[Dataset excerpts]

++++++

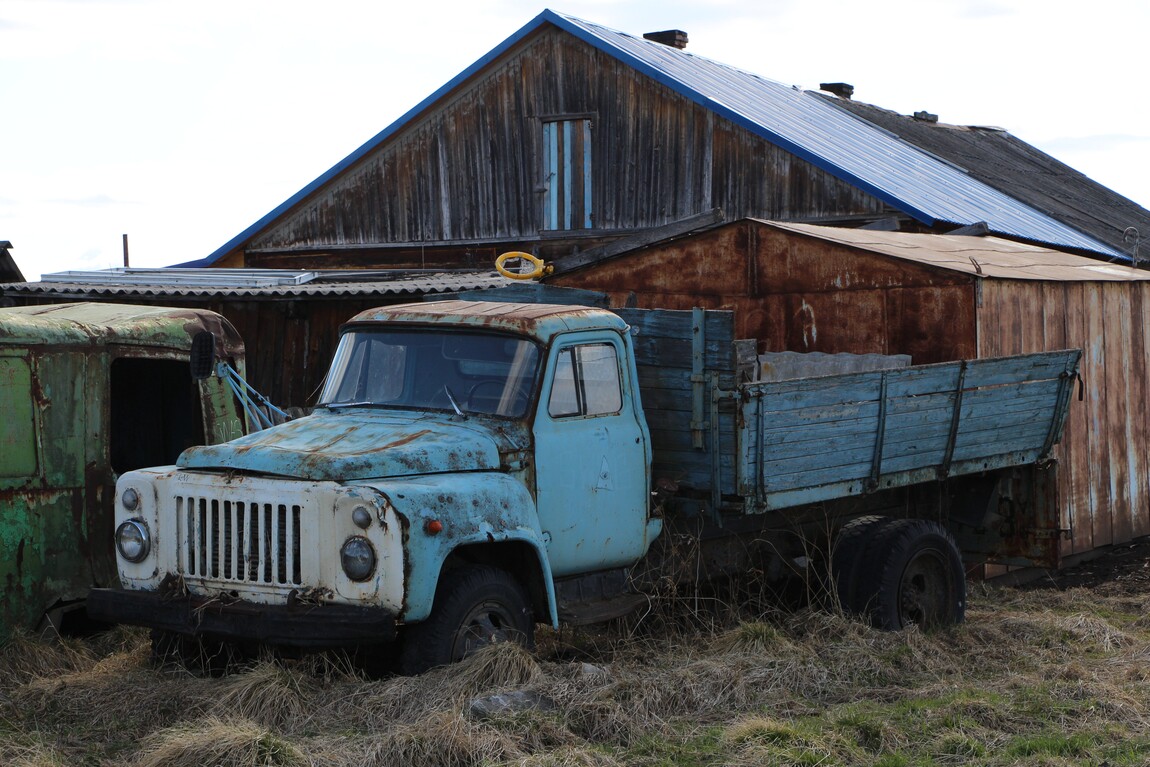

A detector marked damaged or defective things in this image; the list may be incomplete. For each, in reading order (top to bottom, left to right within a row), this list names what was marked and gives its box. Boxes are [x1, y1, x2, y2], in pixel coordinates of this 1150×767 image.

rusty blue truck [0, 304, 248, 640]
rusty blue truck [88, 300, 1080, 672]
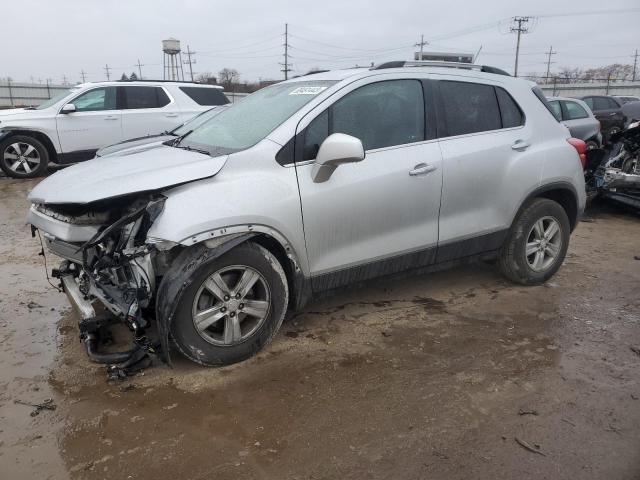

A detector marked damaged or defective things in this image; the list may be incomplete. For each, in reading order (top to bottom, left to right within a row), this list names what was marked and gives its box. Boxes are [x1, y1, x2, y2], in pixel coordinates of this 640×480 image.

crumpled hood [31, 142, 230, 202]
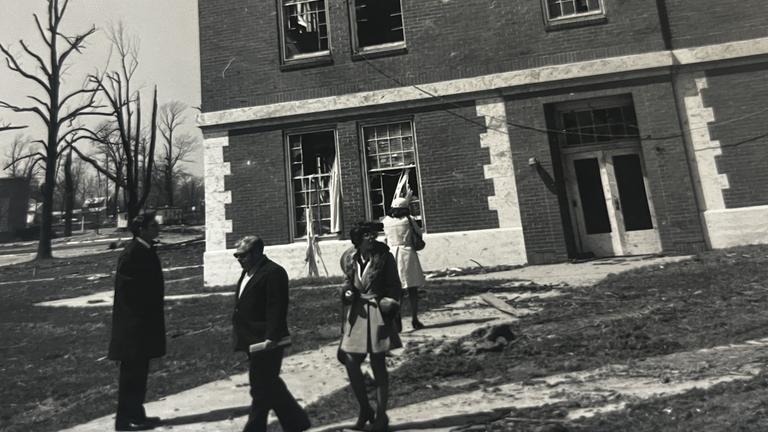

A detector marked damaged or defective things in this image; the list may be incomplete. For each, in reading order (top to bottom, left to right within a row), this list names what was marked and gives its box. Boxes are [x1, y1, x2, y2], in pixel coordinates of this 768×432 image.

broken window [282, 0, 330, 61]
broken window [352, 0, 404, 52]
broken window [544, 0, 604, 20]
broken window [288, 132, 340, 240]
broken window [362, 120, 424, 224]
damaged facade [196, 1, 768, 288]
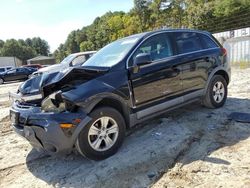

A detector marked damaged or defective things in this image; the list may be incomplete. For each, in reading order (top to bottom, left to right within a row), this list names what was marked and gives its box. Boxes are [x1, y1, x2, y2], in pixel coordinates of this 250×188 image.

damaged bumper [10, 101, 92, 154]
broken headlight [41, 92, 65, 112]
front end damage [9, 67, 108, 154]
crumpled hood [19, 66, 109, 98]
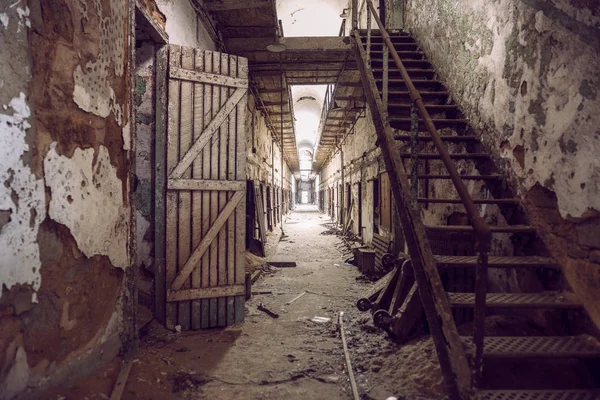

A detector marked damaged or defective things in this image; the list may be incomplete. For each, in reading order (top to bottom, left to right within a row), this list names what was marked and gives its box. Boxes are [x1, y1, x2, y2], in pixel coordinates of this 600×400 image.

peeling plaster wall [0, 0, 132, 396]
peeling plaster wall [156, 0, 217, 50]
broken wood piece [338, 312, 360, 400]
rusty metal staircase [352, 1, 600, 398]
peeling plaster wall [406, 0, 600, 330]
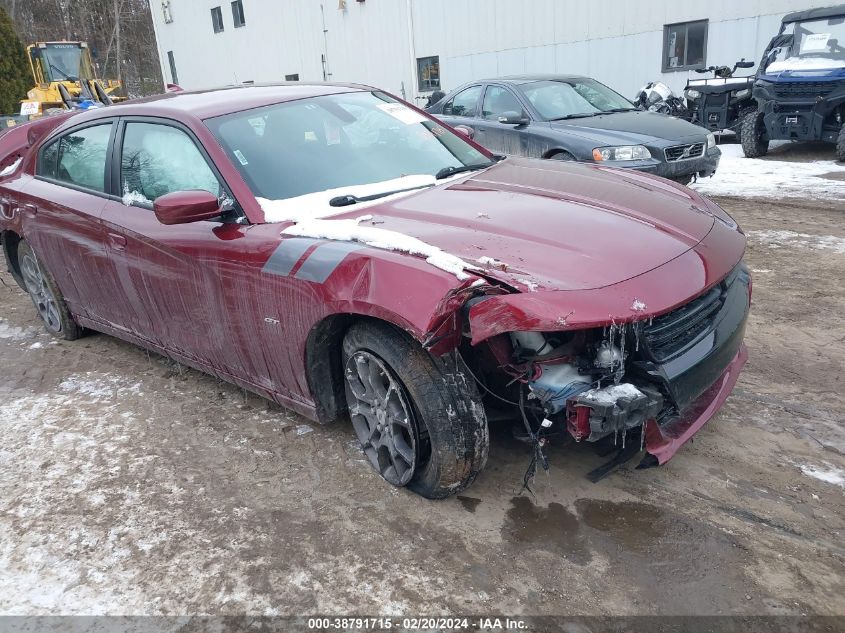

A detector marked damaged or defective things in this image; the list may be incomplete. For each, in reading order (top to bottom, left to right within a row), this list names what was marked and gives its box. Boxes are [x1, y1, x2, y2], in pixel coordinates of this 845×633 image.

damaged front end [448, 260, 752, 478]
crumpled fender [464, 220, 740, 344]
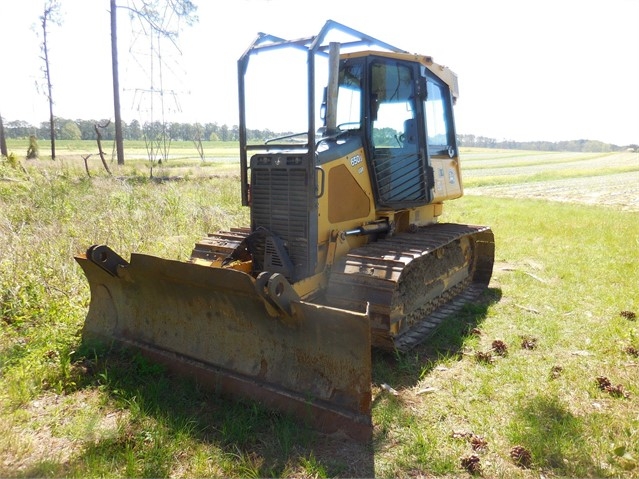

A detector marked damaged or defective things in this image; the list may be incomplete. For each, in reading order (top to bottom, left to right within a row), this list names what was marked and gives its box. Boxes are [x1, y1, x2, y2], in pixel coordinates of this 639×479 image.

rust on blade [75, 251, 372, 442]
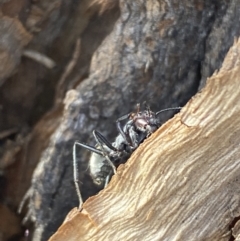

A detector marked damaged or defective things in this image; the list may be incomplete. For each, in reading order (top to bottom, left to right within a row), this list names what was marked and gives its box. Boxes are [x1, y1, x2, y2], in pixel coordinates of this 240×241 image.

splintered wood edge [48, 37, 240, 241]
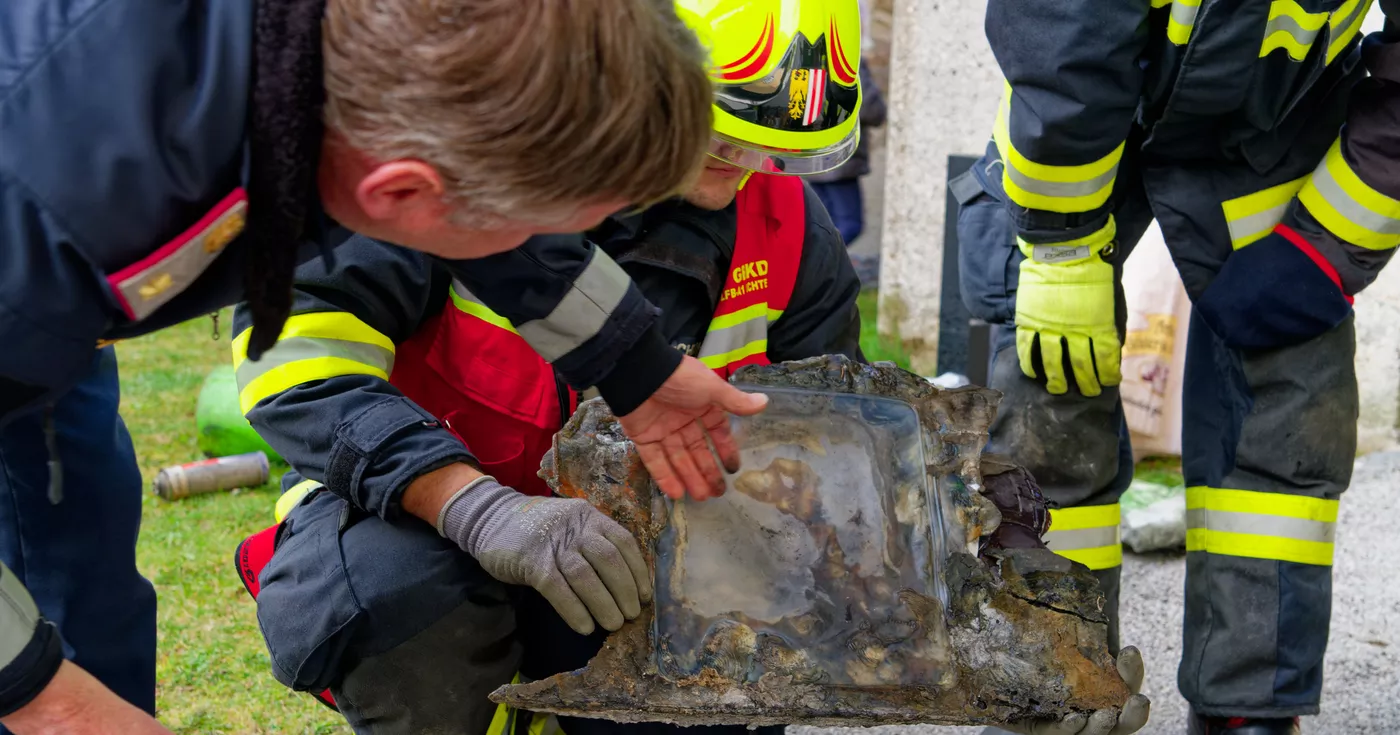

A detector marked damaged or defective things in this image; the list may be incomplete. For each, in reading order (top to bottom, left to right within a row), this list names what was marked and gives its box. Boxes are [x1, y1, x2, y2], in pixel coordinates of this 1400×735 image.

charred plastic debris [492, 352, 1125, 722]
burnt melted object [495, 355, 1125, 728]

++++++

Where the line containing "this 639×479 image." appears, begin writing out the lines word for word, and continue through the last line of the data, leaving out pictures.

- SOLUTION
A detector marked damaged or defective things in this image; the list may be incomplete. For each, in reading order (top to bottom, left to right within a row), this list names what was marked and gives its box. Boxes are [x1, y1, x2, y2], in pixel coordinates of this 639×479 image.

rust on blade [75, 251, 372, 442]

A detector marked damaged or defective things in this image; the list may be incomplete. For each, in reading order (top to bottom, left to right within a row), this list names what was marked and gives its box. Boxes are [x1, y1, x2, y2], in pixel coordinates of this 240×241 image.

splintered wood edge [48, 37, 240, 241]

A detector marked damaged or defective things in this image; the list may be incomplete. For each, in reading order (top to bottom, left to right within a row), this list names what was marked and gives its box. Boxes are [x1, y1, x2, y2], in pixel coordinates of this 1400×735 image.

charred plastic debris [492, 352, 1125, 722]
burnt melted object [495, 355, 1125, 728]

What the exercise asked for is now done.